More than three years after taking effect, Sarbanes-Oxley is still wreaking havoc on corporate reporting.

In 2005, accounting restatements nearly doubled to a record 1,195, according to US research firm Glass Lewis & Co. This year, scores of companies – among them General Motors, Nortel Networks, Bausch & Lomb, and Bally Total Fitness – announced that they would miss the US Securities and Exchange Commission’s March 16 deadline to file their annual reports.

While substantive problems have not disappeared, today a company is more likely to revise or delay its results simply to play it safe. Companies are using extreme caution as they continue to work on internal controls, says Ed Nusbaum, CEO of accounting firm Grant Thornton in the US, so they are handling minor errors differently than they have in the past. “Before, if something was borderline, there was a tendency to say, ‘We’ll fix it next year,’” he says. “Today if something is wrong, you fix it now.”

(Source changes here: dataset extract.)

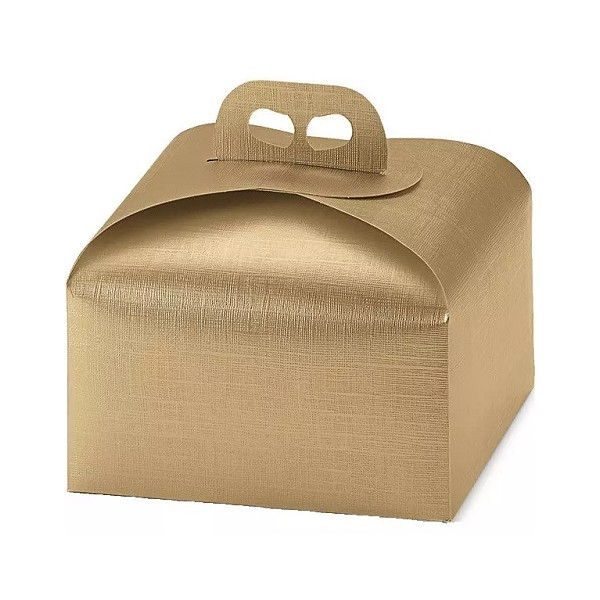 Scatola Porta panettone Basso in cartoncino color Oro Seta da 245 x 245 mm h 130 mm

Tardy 10-Ks stem from a variety of causes. HealthSouth announced it would postpone its annual report as it continues to deal with fallout from a massive accounting scandal. GM says it will be late due to accounting errors related to cash flows from a subsidiary of GMAC.

No matter the reason, regulators and investors don’t take kindly to late filings, says James Duncan, accounting professor at Ball State University and former controller at fast-food chain KFC. “If you delay the 10-K, the SEC is going to ask questions,” he says. Late filings can also precipitate stock declines, securities suits, and loan defaults if they are prohibited in loan covenants. Bally Total Fitness, which was forced to delay filing its 2005 annual report because of complications with restatements of prior years, solicited waivers from creditors to avoid defaulting on loans due to the filing delay. The waivers were granted, but at a price: Bally paid US$10 in cash or equivalent shares for each US$1,000 in principal to obtain the one-time consent.

The current avalanche of do-overs suggests a variety of causes, including accounting for derivatives, leases, pensions, revenue recognition, and asset retirement obligations (FIN 47). In many cases, restatements arise from new guidance from regulators or from trying to force complex transactions into a one-size-fits-all rule, says Baruch College accounting professor Steven Lilien.

So far, the surge of restatements shows few signs of abating. Tenet Healthcare already announced plans to revise earnings on two separate occasions this year. Clearly, companies continue to struggle with Sarbox. What’s less clear, says Lilien, is whether executives are going to give back the hefty compensation they received based on numbers that were later revised.